120,000 of us were declared bankrupt or forced to take out a Debt Relief Order (DRO) or Individual Voluntary Arrangement (IVA) in the last calendar year. This figure is the lowest compared to the previous four years, claims City accountants RSM Tenon. Given the grim economic backdrop, the slump appears surprising. How are many managing to keep going?
In a word (or three), low interest rates. RSM Tenon claims that many property-owners are being - artificially, it would appear - being held aloft from the clutches of bankruptcy by relatively low out-goings. But that is a boon only for property owners.

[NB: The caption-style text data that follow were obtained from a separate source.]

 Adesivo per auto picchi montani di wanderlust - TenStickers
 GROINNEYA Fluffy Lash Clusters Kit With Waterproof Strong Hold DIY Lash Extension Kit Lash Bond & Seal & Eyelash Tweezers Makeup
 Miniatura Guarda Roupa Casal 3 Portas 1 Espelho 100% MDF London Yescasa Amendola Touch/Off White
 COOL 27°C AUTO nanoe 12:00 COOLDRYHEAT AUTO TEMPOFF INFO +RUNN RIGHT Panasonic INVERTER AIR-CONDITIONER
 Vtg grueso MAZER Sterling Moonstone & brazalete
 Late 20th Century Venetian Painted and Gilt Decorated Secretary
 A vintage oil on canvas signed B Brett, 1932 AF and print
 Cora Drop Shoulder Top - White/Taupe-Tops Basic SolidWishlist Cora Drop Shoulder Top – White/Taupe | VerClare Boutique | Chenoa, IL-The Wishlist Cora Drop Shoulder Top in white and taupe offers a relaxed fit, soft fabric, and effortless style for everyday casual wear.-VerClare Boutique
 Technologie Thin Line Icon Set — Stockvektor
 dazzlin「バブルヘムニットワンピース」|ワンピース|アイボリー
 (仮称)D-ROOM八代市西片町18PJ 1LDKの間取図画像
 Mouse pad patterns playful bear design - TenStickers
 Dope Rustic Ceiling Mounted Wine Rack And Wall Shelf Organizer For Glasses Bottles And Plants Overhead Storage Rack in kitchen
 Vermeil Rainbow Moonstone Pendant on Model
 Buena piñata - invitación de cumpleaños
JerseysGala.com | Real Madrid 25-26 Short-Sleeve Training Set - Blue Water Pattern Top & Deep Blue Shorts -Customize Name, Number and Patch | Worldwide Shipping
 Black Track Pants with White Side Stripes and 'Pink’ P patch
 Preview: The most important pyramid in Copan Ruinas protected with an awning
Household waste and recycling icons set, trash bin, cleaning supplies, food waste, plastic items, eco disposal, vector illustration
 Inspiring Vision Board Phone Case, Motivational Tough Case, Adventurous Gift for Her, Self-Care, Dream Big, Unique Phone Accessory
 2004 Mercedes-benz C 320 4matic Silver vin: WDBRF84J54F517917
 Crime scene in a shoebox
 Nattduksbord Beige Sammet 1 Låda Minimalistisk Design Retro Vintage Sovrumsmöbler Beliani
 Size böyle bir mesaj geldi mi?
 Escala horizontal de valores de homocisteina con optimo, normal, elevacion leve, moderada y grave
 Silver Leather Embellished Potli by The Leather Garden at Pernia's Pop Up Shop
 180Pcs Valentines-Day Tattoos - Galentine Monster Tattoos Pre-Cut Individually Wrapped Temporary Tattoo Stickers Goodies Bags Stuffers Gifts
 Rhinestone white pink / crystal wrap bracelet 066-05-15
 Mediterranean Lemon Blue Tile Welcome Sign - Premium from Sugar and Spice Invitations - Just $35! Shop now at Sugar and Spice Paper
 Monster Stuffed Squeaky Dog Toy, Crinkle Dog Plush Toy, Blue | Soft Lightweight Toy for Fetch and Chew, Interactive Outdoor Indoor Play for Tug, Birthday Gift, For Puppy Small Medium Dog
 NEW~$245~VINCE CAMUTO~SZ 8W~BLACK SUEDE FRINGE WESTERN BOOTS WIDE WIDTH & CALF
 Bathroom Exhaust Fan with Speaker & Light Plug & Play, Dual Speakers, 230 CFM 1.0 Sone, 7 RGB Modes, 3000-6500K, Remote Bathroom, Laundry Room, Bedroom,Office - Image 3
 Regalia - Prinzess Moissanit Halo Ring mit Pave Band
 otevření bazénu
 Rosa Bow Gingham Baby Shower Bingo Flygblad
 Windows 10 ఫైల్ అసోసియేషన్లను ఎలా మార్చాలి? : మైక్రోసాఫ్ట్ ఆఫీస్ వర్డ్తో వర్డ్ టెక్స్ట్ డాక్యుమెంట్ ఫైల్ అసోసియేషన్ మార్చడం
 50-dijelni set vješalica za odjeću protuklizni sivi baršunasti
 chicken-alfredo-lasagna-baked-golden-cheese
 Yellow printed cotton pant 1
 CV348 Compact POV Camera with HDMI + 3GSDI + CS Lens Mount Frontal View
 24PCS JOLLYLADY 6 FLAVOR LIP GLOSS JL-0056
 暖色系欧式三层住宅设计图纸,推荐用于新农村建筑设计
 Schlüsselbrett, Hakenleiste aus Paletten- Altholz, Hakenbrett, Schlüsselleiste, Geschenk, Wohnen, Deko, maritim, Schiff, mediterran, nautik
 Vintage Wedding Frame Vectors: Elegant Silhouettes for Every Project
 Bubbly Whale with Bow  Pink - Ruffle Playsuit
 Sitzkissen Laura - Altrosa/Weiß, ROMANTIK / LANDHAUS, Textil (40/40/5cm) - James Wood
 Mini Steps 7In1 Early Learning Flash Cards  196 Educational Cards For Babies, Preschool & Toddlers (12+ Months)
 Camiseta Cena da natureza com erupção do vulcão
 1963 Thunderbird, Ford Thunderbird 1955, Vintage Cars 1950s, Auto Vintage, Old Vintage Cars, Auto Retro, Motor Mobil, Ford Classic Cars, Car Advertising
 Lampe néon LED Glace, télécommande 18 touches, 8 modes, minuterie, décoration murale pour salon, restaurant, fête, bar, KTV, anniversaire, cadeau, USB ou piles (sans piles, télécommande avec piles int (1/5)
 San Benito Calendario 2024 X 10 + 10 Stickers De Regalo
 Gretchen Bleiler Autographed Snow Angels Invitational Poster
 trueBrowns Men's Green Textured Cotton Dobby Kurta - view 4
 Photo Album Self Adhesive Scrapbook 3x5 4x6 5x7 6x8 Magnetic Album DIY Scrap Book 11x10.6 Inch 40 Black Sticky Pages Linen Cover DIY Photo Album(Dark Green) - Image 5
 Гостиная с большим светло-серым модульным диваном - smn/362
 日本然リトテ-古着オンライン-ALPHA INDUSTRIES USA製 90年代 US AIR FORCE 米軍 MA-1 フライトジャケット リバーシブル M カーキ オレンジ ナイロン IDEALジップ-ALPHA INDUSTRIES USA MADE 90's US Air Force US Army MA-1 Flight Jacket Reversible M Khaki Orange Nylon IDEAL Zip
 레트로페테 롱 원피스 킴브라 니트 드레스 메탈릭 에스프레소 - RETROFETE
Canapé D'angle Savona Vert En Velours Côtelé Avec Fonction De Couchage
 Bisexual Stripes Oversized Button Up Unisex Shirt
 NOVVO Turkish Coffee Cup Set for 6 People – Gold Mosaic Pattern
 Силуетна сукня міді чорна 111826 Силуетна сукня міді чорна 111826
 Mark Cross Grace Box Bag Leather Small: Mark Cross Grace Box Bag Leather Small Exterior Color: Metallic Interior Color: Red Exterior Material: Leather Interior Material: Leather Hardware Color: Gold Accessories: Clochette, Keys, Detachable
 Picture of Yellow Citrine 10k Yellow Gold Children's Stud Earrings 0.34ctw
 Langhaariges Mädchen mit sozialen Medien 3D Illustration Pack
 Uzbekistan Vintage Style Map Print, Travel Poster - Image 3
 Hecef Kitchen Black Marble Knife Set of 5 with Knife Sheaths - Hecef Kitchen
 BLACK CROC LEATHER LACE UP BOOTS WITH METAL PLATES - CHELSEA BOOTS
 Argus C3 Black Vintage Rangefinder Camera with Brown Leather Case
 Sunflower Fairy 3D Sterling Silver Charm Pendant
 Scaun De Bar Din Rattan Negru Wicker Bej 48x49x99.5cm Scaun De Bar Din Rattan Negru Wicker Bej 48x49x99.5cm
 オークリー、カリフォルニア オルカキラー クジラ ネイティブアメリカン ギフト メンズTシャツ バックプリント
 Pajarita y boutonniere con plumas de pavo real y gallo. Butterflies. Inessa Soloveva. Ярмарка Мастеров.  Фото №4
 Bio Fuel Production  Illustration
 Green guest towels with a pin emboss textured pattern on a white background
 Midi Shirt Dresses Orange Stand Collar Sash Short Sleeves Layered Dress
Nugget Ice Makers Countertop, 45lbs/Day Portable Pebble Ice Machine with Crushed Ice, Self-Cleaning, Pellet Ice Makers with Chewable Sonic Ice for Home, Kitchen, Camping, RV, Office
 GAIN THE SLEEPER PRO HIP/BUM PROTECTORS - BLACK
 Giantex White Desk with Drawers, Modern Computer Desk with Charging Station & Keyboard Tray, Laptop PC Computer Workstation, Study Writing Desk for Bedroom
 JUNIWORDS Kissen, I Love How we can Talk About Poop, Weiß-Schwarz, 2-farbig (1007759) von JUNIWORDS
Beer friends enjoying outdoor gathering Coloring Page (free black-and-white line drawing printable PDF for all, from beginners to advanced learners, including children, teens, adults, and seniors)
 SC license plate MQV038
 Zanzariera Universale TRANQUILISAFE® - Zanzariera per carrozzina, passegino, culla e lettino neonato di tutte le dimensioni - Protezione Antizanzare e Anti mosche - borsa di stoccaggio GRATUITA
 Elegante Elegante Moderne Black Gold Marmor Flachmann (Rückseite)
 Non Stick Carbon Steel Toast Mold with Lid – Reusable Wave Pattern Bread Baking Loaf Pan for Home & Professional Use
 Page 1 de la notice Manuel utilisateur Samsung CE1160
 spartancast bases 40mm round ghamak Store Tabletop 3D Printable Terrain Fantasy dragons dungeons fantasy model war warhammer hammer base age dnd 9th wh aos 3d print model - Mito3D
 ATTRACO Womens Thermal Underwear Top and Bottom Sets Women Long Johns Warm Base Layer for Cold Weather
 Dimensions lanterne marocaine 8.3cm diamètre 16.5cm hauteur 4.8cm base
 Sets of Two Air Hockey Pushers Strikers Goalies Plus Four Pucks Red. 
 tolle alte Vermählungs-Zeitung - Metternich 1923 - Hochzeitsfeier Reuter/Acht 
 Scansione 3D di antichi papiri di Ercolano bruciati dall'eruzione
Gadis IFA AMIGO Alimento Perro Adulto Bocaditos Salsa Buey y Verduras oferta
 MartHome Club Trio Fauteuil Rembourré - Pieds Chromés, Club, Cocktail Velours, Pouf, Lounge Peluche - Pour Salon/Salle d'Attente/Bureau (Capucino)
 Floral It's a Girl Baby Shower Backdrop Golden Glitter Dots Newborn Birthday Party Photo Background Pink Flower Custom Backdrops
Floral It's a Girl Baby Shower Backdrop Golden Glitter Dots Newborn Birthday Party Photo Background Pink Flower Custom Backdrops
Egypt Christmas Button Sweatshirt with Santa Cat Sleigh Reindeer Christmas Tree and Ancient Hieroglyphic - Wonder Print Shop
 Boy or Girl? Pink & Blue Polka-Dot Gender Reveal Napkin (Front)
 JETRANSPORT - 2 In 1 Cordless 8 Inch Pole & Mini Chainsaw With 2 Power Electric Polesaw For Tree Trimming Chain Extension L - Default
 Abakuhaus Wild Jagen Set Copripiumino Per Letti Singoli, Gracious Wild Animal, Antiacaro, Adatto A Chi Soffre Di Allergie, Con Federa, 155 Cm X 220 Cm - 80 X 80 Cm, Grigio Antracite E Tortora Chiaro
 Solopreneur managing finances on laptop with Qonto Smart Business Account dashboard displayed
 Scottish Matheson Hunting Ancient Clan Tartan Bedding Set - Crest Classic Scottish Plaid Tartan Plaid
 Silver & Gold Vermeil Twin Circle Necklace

"Interest rates have been held at half a per cent ever since March 2009 – a staggering and unprecedented situation," says Mark Sands, head of personal insolvency at RSM Tenon. "Many who would otherwise have been forced into bankruptcy are being kept afloat by the money they are saving on mortgage repayments."
For those who rent or don't have a mortgage and rely on income from other sources, the picture is less clear. Meanwhile Tenon claims that business in the north-west and north-east of England were more at risk of going bust than their southern neighbours in 2011. It claims 21,000 firms failed this year - and that the 'North-South divide' failure rate widened.
"Next year," says Sands, "we expect the number of insolvencies to hold steady, at roughly 110,000. However, when interest rates begin to climb back up – as they eventually will – we can expect a spike in the number of people hitting the rocks."